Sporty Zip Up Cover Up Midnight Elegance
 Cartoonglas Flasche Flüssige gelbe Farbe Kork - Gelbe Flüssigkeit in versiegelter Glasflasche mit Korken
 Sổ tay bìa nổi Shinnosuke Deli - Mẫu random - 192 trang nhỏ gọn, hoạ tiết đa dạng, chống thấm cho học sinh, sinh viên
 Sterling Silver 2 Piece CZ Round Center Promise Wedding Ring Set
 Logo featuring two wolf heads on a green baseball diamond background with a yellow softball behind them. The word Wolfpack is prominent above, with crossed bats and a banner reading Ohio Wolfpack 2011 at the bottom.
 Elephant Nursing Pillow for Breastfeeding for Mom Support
#####
The expected response consists solely of the lines from the one with "Sterling Silver 2" through the end of the records, repeated exactly.

 Sterling Silver 2 Piece CZ Round Center Promise Wedding Ring Set
 Logo featuring two wolf heads on a green baseball diamond background with a yellow softball behind them. The word Wolfpack is prominent above, with crossed bats and a banner reading Ohio Wolfpack 2011 at the bottom.
 Elephant Nursing Pillow for Breastfeeding for Mom Support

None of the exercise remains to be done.